NK: Timing. You’re going to be slow to start out, and that’s good. You need to go slow and the speed will come. Don’t get discouraged if you run out of time when you’re shooting. Also, in precision shooting you don’t put the gun on safe; you just leave the bolt open when you move between targets. A lot of shooters struggle with that. You have to focus on breathing too. It’s nerve wracking. You’re being timed, people are watching you…it’s a high-stress environment.

A man in a cap looks through a riflescope
Nic Kytlica demonstrates rear tripod support before we head out to the range. Joe Genzel

OL: What other gear do I need to make more accurate rifle shots in a match?

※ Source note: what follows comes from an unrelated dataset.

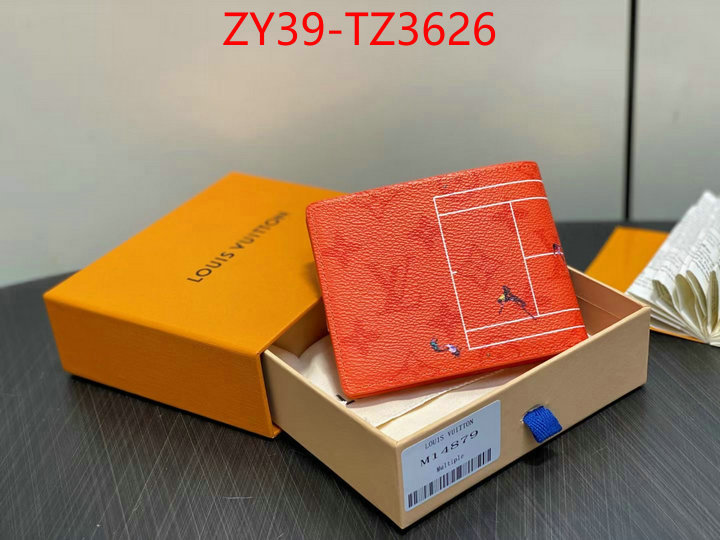 LV Bags(4A)-Wallet what's best ID: TZ3626 $: 39USD,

NK: You need a good bag to shoot off of, and a good tripod. Tripods are really critical, not just for setting your rifle up in the conventional manner, but also for rear support. You’re going to be shooting off a bunch of different objects and you can use a tripod as a rear support. You just wrap your hand around one of the legs of the tripod and set the stock on your hand. It’s incredibly steady. The only drawback is if you’re moving around from station to station, it can get tough to move all your gear quickly.

OL: I am a hunter first, is precision shooting going to actually help me?

NK: Yes. It’s going to make you a much better hunter because it will teach you to shoot from so many different positions and off many different objects. Plus, it’s stressful, just like the feeling you get when an animal is in your crosshairs. Anyone with a little experience can shoot a sub-MOA group from a benchrest, but precision matches teach you to do that from a variety of unconventional angles and off objects you might find while hunting, like jagged rocks.